Not too long ago, I was making a presentation to a prospective client, when he asked me which single metric he should stay most focused on.
I thought at that moment that he probably expected me to recommend sales, or perhaps inventory turnover, since that was what we'd been primarily discussing up to that point. But I didn't need to think twice. The metric that I recommended he focus on, day in and day out, like a laser beam, was gross margin.
Don't get me wrong. There isn't a small retailer alive who doesn't track sales and keep a tight rein on expenses, and woe to any small retailer who takes his eye off the inventory ball. But the most critical metric, and the most overlooked on an ongoing day basis, is gross margin.
Gross margin isn't something that most small retailers think of tracking on a weekly and monthly basis. They rely on their markup formulas, and assume that gross margin will naturally flow from there. But gross margin is too important to be left unattended. It's right in the middle of everything. It flows directly from sales, it's a leading indicator of profitability and cash flow, it's the dollars that cover the expenses, and it's a critical element in measuring how productive your inventory investment is.

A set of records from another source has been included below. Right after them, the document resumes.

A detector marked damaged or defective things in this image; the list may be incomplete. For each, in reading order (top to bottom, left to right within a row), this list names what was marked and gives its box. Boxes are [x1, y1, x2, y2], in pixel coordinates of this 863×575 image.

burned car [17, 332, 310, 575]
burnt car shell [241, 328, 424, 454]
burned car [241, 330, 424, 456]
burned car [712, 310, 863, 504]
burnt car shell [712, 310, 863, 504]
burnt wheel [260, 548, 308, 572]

Here are several thoughts to keep in mind about managing gross margin:
- Gross margin can be stated as gross profit dollars or as a percentage of sales, and it's critical to manage both. Gross profit dollars is what pays the bills, but gross margin percentage is the metric that you manage day in and day out to generate those gross profit dollars.

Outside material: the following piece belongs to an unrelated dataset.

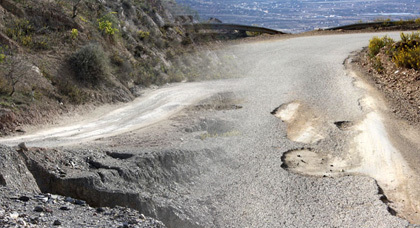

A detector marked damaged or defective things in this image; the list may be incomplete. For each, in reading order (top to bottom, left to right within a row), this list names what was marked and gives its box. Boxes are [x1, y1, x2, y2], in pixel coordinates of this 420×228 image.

- Just about every small retail software package reports out inventory value at cost, but the better ones also report it out at retail value. This information is invaluable because it allows a small retailer to calculate the weighted markup on the current inventory, which is a leading indicator of future gross margin. Once you can project future gross margin you are in a position to manage it. And if your system can report out inventory value at cost and retail by category and subcategory, your ability to manage future gross margin becomes even more refined.
- In order to use the markup of your inventory to project your future gross margins you must understand the spread between the markup and gross margin. The markup of your inventory is frequently called initial markup, because it's where you begin. But in order to sell it, you may have to discount it, promote it or mark it down for clearance at the end of the season. Gross margin is the profit you actually earn when you sell it after any discounting or markdowns; it is frequently called maintained margin. This spread will be specific to your business, depending upon your level of promotional and clearance activity.

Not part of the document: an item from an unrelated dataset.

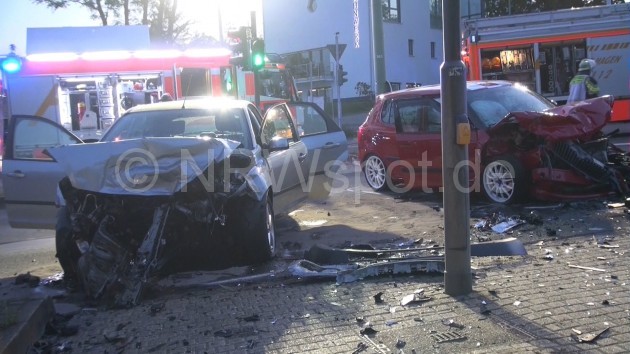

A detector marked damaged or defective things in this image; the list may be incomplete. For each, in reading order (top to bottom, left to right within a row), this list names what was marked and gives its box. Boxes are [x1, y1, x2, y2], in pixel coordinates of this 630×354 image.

- Margin erosion will naturally occur unless you actively manage your markup percentages. Several factors can cause overall margins to erode, including: competitive price pressures forcing below-standard markups; vendor price increases pushing retail prices up against natural price points; and unanticipated shifts in sales mix toward lower-priced and lower-margin merchandise. Offset that erosion by challenging yourself to be continuously improving margin percentages, even if it's only by tenths of a percentage point each quarter.
- Even subtle shifts in the composition of your sales toward lower-margin departments or categories can have significant impact on your overall gross margin. Tracking the sales contribution by department and category by week or month can provide you the early warning you need in order to protect your gross margins. When you see this shift in sales composition occurring, you must aggressively look for opportunities to take additional markup to compensate, either in your existing inventory or in incoming purchases.
- Avoid standardized pricing formulas, such as keystoning, which only serve to cap your upside margin potential, and assure margin erosion. Rather, build your pricing policies around the inherent value you and your merchandise offer your customers. If, for control purposes, you feel you must impose pricing formulas on your buyers, assign formulas to each department, and even each category, that are specific to the inherent value each department or category offers your customers.
- Avoid $.99 price endings for retail price points under $10.00. At these price points, an extra nickel or dime could have a significant impact on the overall gross margin dollars generated by higher volume items. A $.99 ending locks you into an all or nothing choice of raising your retail a full dollar or standing pat, and competitive pressures will almost always force you into standing pat. Having more price points to choose from gives you more options when you think you can get an extra nickel or dime, but not a full dollar more.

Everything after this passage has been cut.